-- Your task --
Please reproduce all the records exactly while leaving out their pictures.

*** Listed records ***

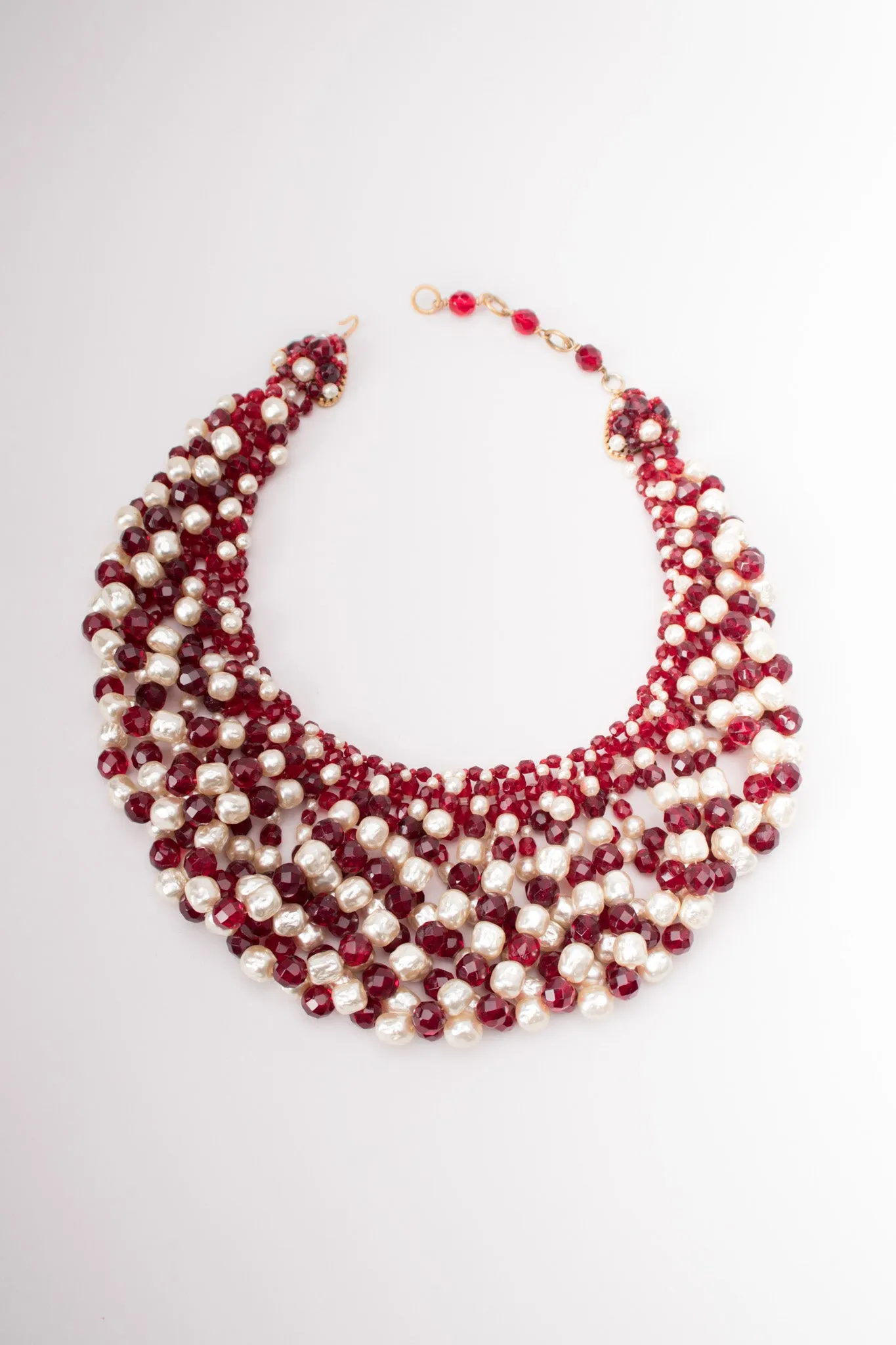 Draped Bead Pearl Necklace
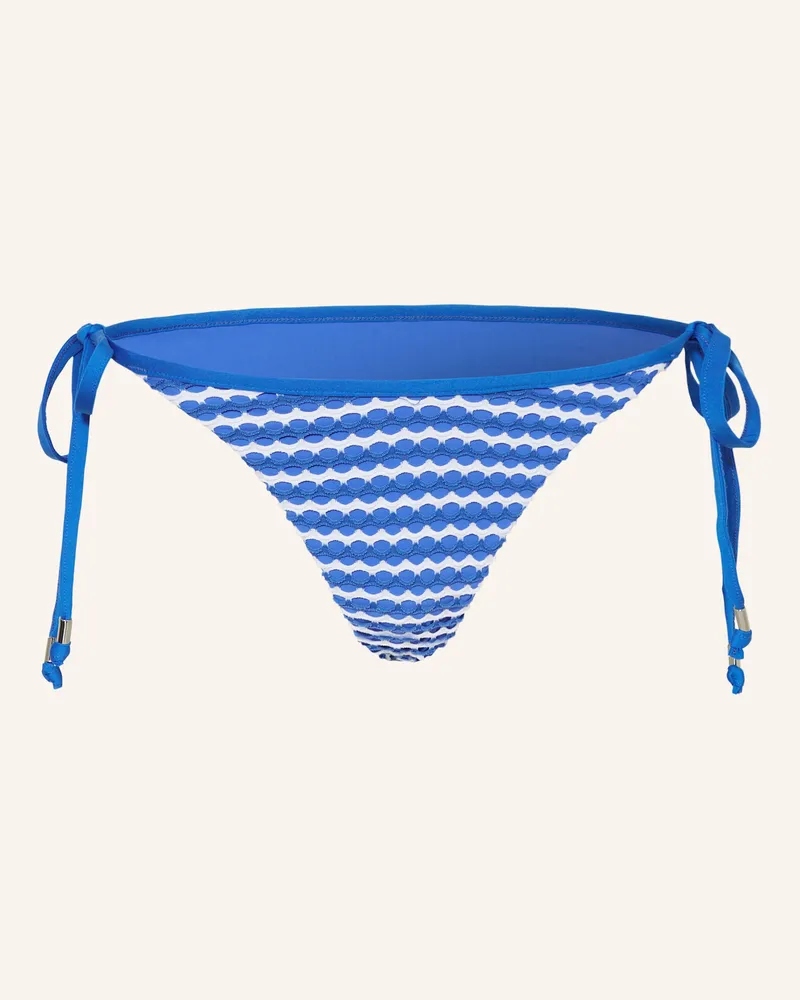 Seafolly Australia Triangel-Bikini-Hose Mesh Effect blau Türkis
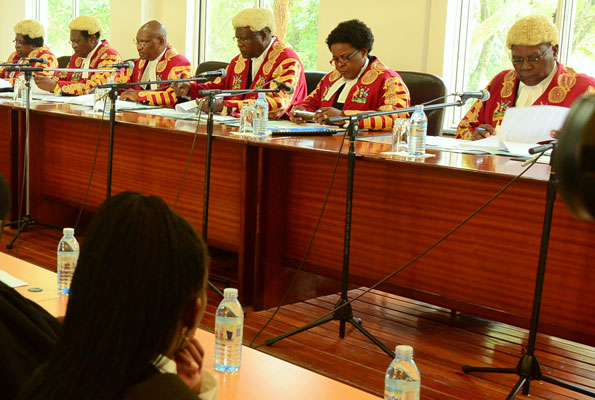 Uganda supreme court in session [photo credit: Daily Monitor]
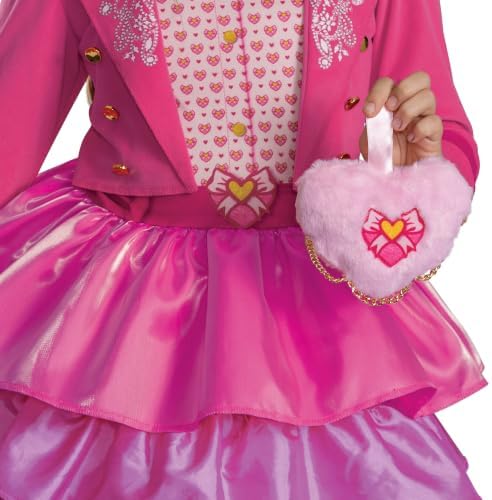 Disguise Girls' Disney Descendants Deluxe Pink Costume for Kids, Official Wicked Wonderland Halloween Costume Dress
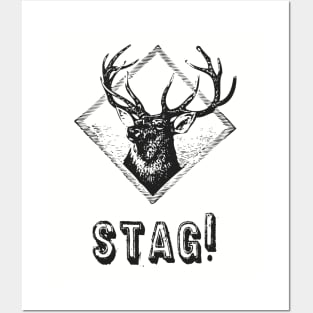 Stag! Posters and Art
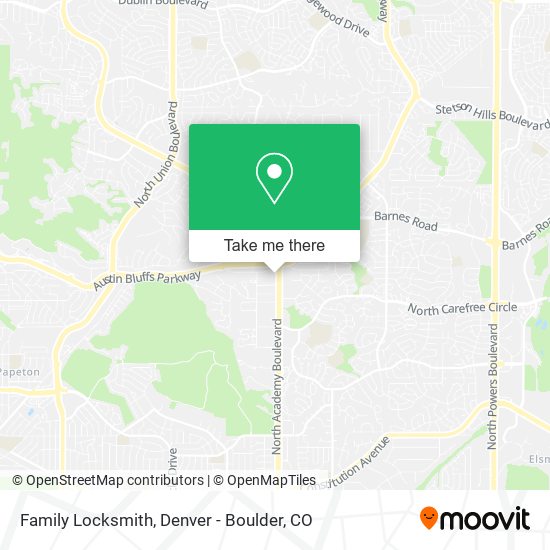 Family Locksmith map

*** End of Listed records ***

-- Response to the exercise --
 Draped Bead Pearl Necklace
 Seafolly Australia Triangel-Bikini-Hose Mesh Effect blau Türkis
 Uganda supreme court in session [photo credit: Daily Monitor]
 Disguise Girls' Disney Descendants Deluxe Pink Costume for Kids, Official Wicked Wonderland Halloween Costume Dress
 Stag! Posters and Art
 Family Locksmith map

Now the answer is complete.